- _What needs to be done_
An exact copy of each line below is needed, with no images in it.

- _Dataset section_
=== Begin Enclosure ===

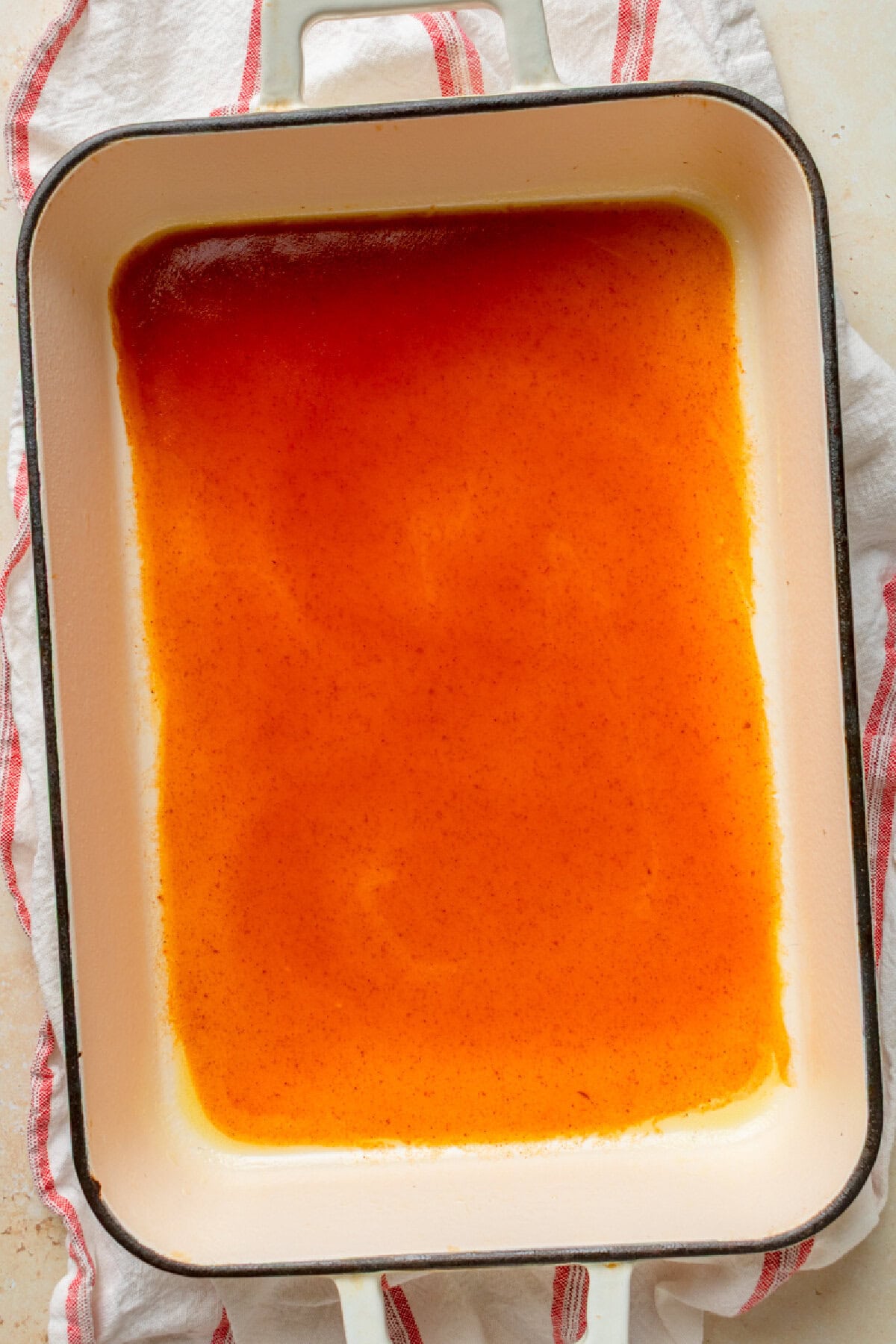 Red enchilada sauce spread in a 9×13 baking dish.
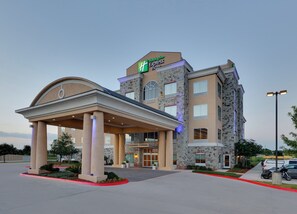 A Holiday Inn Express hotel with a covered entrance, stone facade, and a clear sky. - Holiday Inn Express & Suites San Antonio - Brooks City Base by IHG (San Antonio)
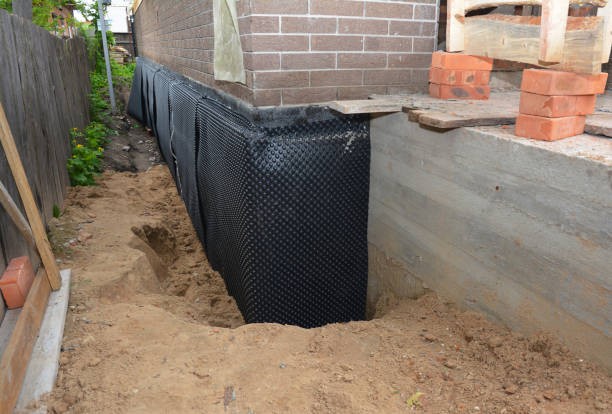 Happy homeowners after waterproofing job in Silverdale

=== End Enclosure ===

- _Exercise output_
 Red enchilada sauce spread in a 9×13 baking dish.
 A Holiday Inn Express hotel with a covered entrance, stone facade, and a clear sky. - Holiday Inn Express & Suites San Antonio - Brooks City Base by IHG (San Antonio)
 Happy homeowners after waterproofing job in Silverdale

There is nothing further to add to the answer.